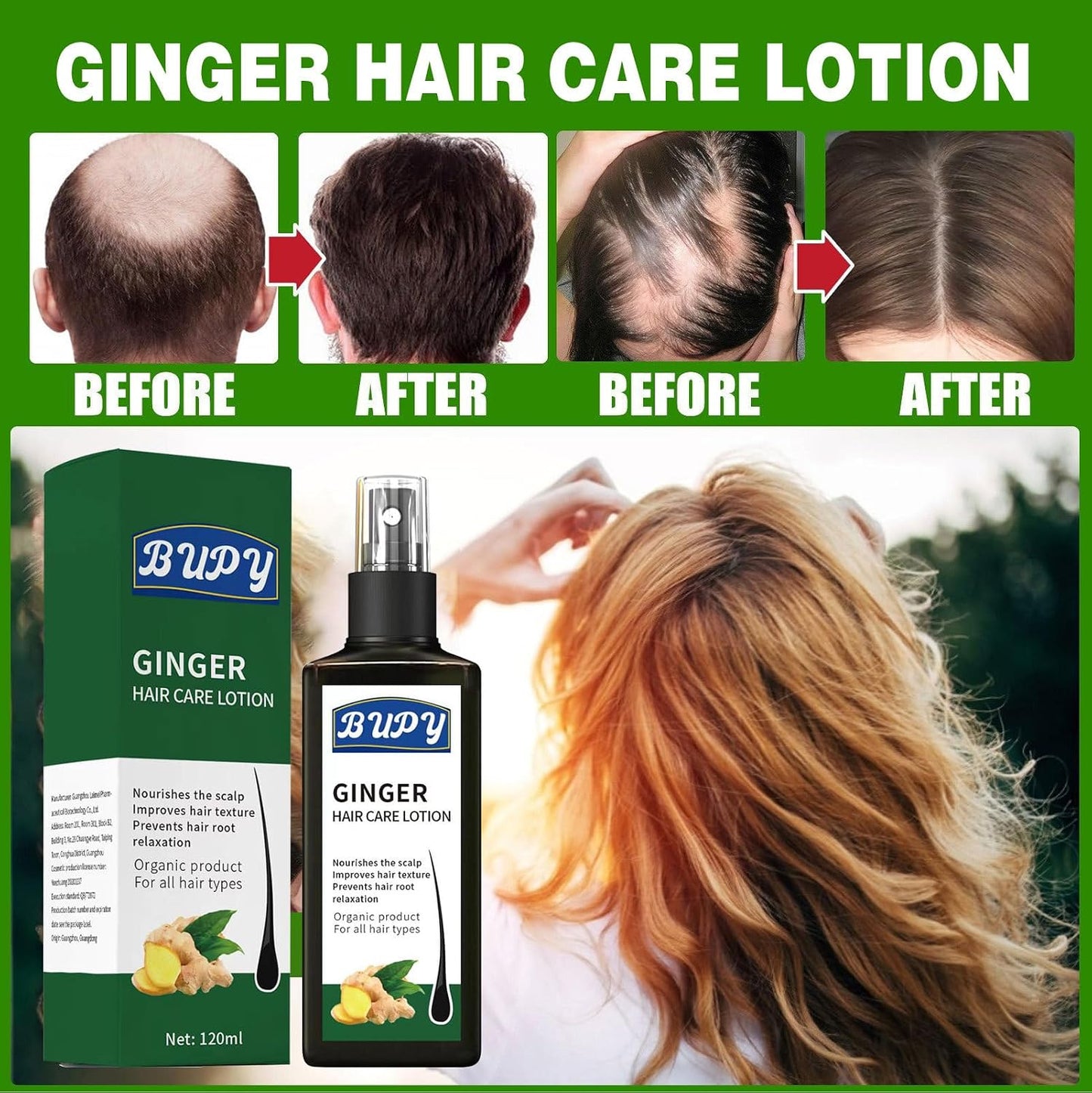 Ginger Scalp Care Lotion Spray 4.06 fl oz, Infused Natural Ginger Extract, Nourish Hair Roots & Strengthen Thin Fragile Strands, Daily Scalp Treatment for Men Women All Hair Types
★ ★ ★
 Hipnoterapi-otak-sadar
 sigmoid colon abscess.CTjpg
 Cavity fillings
★ ★ ★
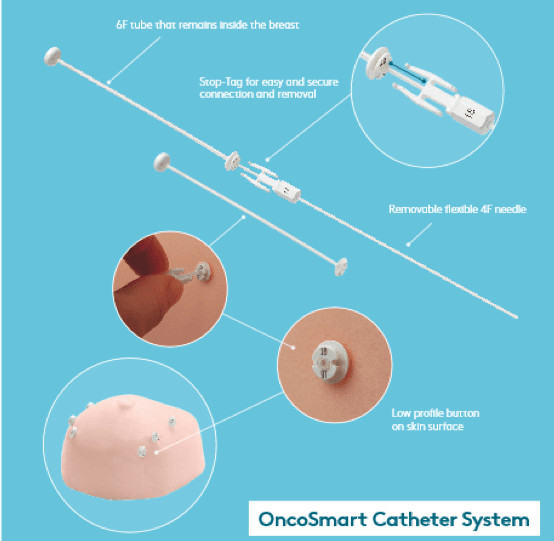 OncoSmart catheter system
★ ★ ★
◆ **Assigned task**
From the data above, output exactly the lines between the one containing "Hipnoterapi-otak-sadar" and the one containing "Cavity fillings", counting both of them.

◆ **Output for this exercise**
 Hipnoterapi-otak-sadar
 sigmoid colon abscess.CTjpg
 Cavity fillings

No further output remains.